Uh, you may want to rethink those sizes. The 235/35/19 is already 2% larger than the stock 325i size, so you'd probably want to just avoid the 245/35/19 rears. Those are 3.1% off.

Go with 235/35/19 all around, on 19x8.5's. Ditch the 19x9.5's.


----------



## Mystikal (Dec 20, 2001)

Ack said:


> *It should've been the 245's in back. I must have selected the wrong tire size. I don't think 255's even fit on our cars. *


255's will fit, but you'd just have an understeering pig. 

The 245/35/18 size is almost perfect, just 0.1% off the stock rears. Order that.


----------



## nate (Dec 24, 2001)

tgravo2:

You are going to drive on 19s in LOUISIANA   I sure as hell would never want them in New Orleans with its ~51,000 potholes...

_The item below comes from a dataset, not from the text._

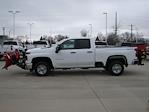 New 2024 Chevrolet Silverado 2500 Work Truck Double Cab 4x4, BOSS Plow Truck for sale #49541 - photo 49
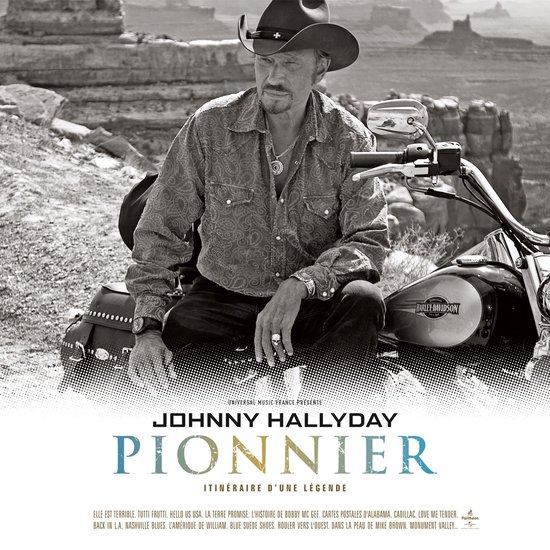Johnny 70 : Johnny Hallyday - Vinyles variété française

You are just asking for bent rims and horrible ride :yikes:


----------



## tgravo2 (Dec 7, 2002)

Mystikal said:


> *Uh, you may want to rethink those sizes. The 235/35/19 is already 2% larger than the stock 325i size, so you'd probably want to just avoid the 245/35/19 rears. Those are 3.1% off.
> 
> Go with 235/35/19 all around, on 19x8.5's. Ditch the 19x9.5's. *


ok cool, I did not know that. thanks. I don't know if I'm ordering them yet, just shopping around


----------



## tgravo2 (Dec 7, 2002)

nate328Ci said:


> *tgravo2:
> 
> You are going to drive on 19s in LOUISIANA   I sure as hell would never want them in New Orleans with its ~51,000 potholes...
> 
> You are just asking for bent rims and horrible ride :yikes: *


I live outside of N.O., and everytime we go to the city I make someone else drive, I don't trust leaving my car out there


----------



## bonrob (May 3, 2002)

*any pics of the short shifter installed?*

xx


----------



## 3LOU5 (Jun 14, 2002)

*Re: any pics of the short shifter installed?*



bonrob said:


> *xx *


----------



## Ack (Mar 16, 2002)

I'll post some pics tomorrow. I didn't have a chance to take any this weekend.


----------



## nate (Dec 24, 2001)

Jspeed said:


> *Um, guess I'm a little late. I was going to recommend the Conforti intake over the ECIS. I feel that the Conforti looks like it belongs to our engine compartments more.
> 
> http://www.eurosporthighperformance.com/images/intake/E46_330i_Top.jpg
> http://www.eurosporthighperformance.com/images/intake/E46_330i_Right.jpg
> http://www.eurosporthighperformance.com/images/intake/E46_330i_Left.jpg *


This looks more best

http://e46fanatics.com/members/nate328Ci/Dinan4.jpg


----------



## webguy330i (Jan 9, 2002)

nate328Ci said:


> *This looks more best
> 
> http://e46fanatics.com/members/nate328Ci/Dinan4.jpg *


More best? :lmao:


----------



## nate (Dec 24, 2001)

webguy330i said:


> *More best? :lmao:  *


yup


----------



## AF (Dec 21, 2001)

webguy330i said:


> *Pete I can't wait to try it out!!!
> 
> BTW, you need the ECIS. Just go get it dammit. If you don't like it, I'll gladly purchase it from you at a "reasonable" price.  *


let me try to understand this . . . Chris, you don't have the ECIS yet Ack has to get one because you encouraging him


----------



## webguy330i (Jan 9, 2002)

Alan F said:


> *let me try to understand this . . . Chris, you don't have the ECIS yet Ack has to get one because you encouraging him   *


What are friends for?? :lmao:

BTW that short shifter is bad f-ing ass. It must have reduced the throw length by at least 60%.


----------



## Ack (Mar 16, 2002)

Ok, here's four pics I took of the UUC SSK going thru the gears.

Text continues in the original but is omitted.